Sodium-calcium exchanger

Previous studies of sodium-calcium exchanger (NCX) vary from reduced activity to increased activity in a diabetic environment. Hattori et al. studied the effect of diabetes on the NCX using STZ-induced (T1DM) rats. They found a significantly reduced NCX current in STZ rats compared to the control. Furthermore, there was a 30% decrease in cardiac protein and mRNA levels of NCX1 (the dominant isoform of NCX in the heart) in diabetic rats [70]. Another study found no changes in NCX current density in high-energy (HE) induced obesity rat models compared to control [71]. Increased activity of NCX1 was found in db/db rats (T2DM) by Stølen et al. [72].

Connexin

Connexin 43 (Cx43) is a member of the gap junction family. It is composed of intercellular channels which allows for direct communication between neighbouring myocytes through the exchange of small ions and metabolites [73]. In a normal functioning heart, Cx43 are located at cell poles (intercalated disk) and facilitate proper signal transduction among cells. In progressive heart failure, structural remodelling and lowered cardiac efficiency — through elements such as elevated angiotensin II — promote cardiac wall stress. The result is a migration of Cx43 from cell poles to the lateral membrane leading to dyssynchronous contraction and further cardiac deterioration [74]. Joshi et al. studied connexin in cardiac cardiomyopathy and demonstrated increased tyrosine nitration of Cx43 was linked to impaired functioning of the channels. Furthermore, it was postulated the increase was concurrent with a progressive reduction of phosphorylated tyrosine due to RNS influence on connexin causing the re-localization of Cx43 [75]. Some studies have shown the collagen can affect Cx43 localization and expression [76, 77].

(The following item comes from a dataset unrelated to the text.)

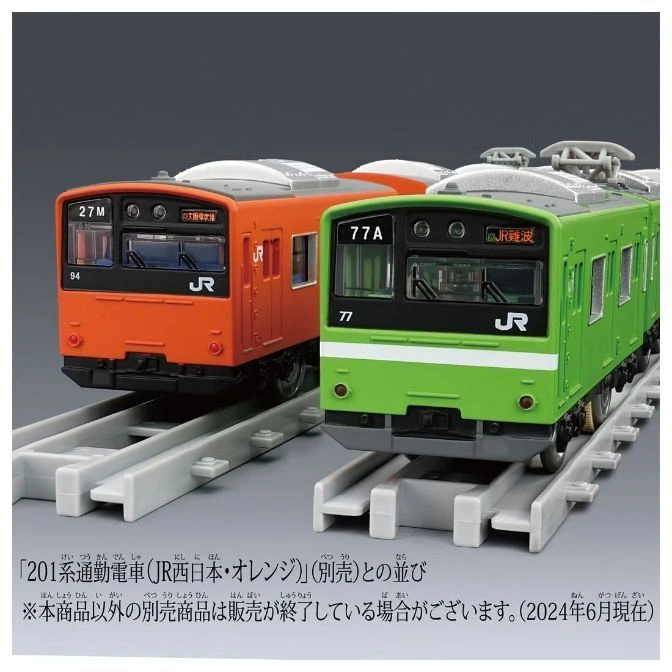  Orange and green toy trains on gray tracks. The orange train has "27M" and the green has "77A".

Inflammation, via chemoattractants, enables macrophage recruitment to the myocardium. Along with the already occurring oxidative dysfunction, these processes facilitate a pro-fibrotic function by facilitating fibroblast differentiation into myofibroblasts leading to fibrosis. Furthermore, there is increased metallo-proteinases for extracellular remodelling which plant the seeds for cardiac hypertrophy [78]. Fibrosis is a process that attempts to maintain cardiac structure or remodelling of the myocardium after apoptosis of cardiomyocytes. Fibrotic tissue is unexcitable, which causes disruption and conduction delay between the isolated cardiomyocytes. As a result, electrical propagation is obliged to take on a zigzag and discontinuous pattern throughout cardiac tissue ultimately contributing to arrhythmogenesis [79].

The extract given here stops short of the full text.